Außerdem passieren hier neuerdings seltsame Dinge. Mehrfach erloschen Glühbirnen, um in dem Moment, da ich sie auswechseln wollte, wieder aufzustrahlen. Wackelkontakt, dachte ich beim ersten Mal, aber beim dritten Mal besann ich mich auf die Psychologie der Dinge, die uns zum Beispiel lehrt, bockige Benzinrasenmäher durch starkes Lob zum Anspringen zu bringen. Nein, ich habe keinen Wackelkontakt, das ist ein Tipp aus einem britischen Gartenbuch, und er funktioniert. Es sollte einem nur keiner dabei zuhören…

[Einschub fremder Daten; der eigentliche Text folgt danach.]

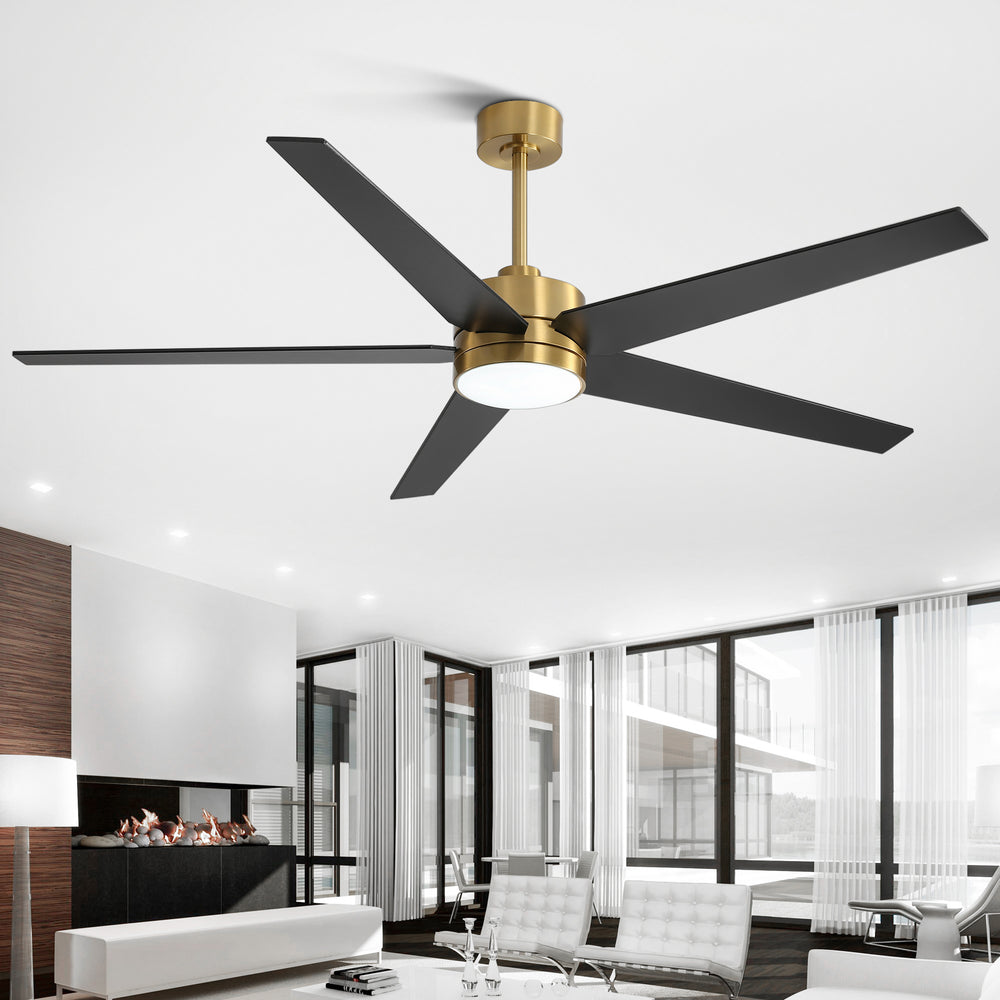 65-inch 5-Blade LED Ceiling Fan with Light and Remote，6" downrod and 20" downrod Included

Wenn also ein so aggressives, bulliges Gerät wie ein Rasenmäher auf Lob reagiert, warum sollte sich nicht ein fragiler Gegenstand, der sogar eine Seele besitzt (so nannte man früher den Glühfaden), von sich aus gegen einen der dämlicheren Beschlüsse der EU aktiv werden? Besonders wenn er bei Leuten in der Fassung sitzt, die bekennende Birnenfans sind? Könnte es nicht sein, dass sich einige Glühfäden einfach über die Brenndauer von 1000 Stunden hinwegsetzen, die ihnen das „Phoebus“- Kartell einst verordnet hat? Haben Sie Zweifel? Dann rufen Sie mal die Website www.centennialbulb.org/cam.htm auf.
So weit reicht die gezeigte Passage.